Canterbury Decorative & Fine Arts Society (CADFAS)

Founded in 2001, CADFAS (Canterbury Decorative and Fine Arts Society) was the first NZ overseas member society of The Arts Society (formerly NADFAS) in the UK. The success of the Society is built on the high quality of the monthly lectures which are given by lecturers of proven ability who are specialists in their field and are endorsed by The Arts Society. CADFAS is twinned with both the Harrogate and Brisbane River Societies.

CADFAS Programme Details

The lectures are held in the Charles Luney Auditorium, St Margaret’s College, 12 Winchester Street, at 7.30 pm on a Monday evening. They last approximately one hour and wine and sandwiches are served afterwards. Guests of current CADFAS members are most welcome ($25.00 per guest) and $15 for visiting members of other New Zealand DFAS Societies but we would appreciate their names in advance so name tags may be prepared. Please phone or text Jan Rutherford 027 227 7149 or Libby Harrop 027 473 0028.

our 2025 programme

In 2025 we offer seven accredited The Arts Society lecturers from the UK and one Australian-based lecturer. Six of these will be with us in person and two will come via live broadcast from the UK. With the online lectures, there are opportunities to view additional topics from home, tuning in to the lectures hosted by the other Societies around the country.
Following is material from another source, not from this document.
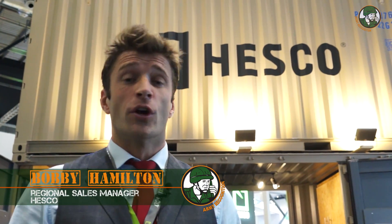Hello. HESCO is here at DSEI 2017, not only with our very well-known rapid deployable systems for force protection and our deployable camps,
We hope that things will run smoothly but will be ready to adapt our programme arrangements if necessary.

Membership

Our subscription for 2025 is $150.00 per person. Subscription notices are sent out in October and are payable by 31st October.

Returning members:  Please make payment by internet banking and ensure you include your last name and initials in the Reference field.
If you have changed any contact details please complete the CADFAS Membership Form 2025 and return to :  canterburydfas@gmail.com

New Members:  Please download the CADFAS Membership Form 2025 then complete and make your payment according to the directions on the form.

Canterbury – 2025 Lecturer Biographies and Topics

Peter McPhee

Canterbury Date : Monday 10 March 2025 – 7.30pm

Peter McPhee was appointed to a Personal Chair in History at the University of Melbourne in 1993. He had previously taught at the Victoria University of Wellington in 1980-87. He has published widely on the history of modern France, most recently Liberty or Death: the French Revolution (2016); and An Environmental History of France: Making the Landscape 1770-2020 (2024). He was appointed as the University of Melbourne’s first Provost in 2007-09. He was awarded a Centenary Medal for services to education in 2003 and became a Member of the Order of Australia in 2012. He is currently the Chair of the History Council of Victoria, the state’s peak body for history.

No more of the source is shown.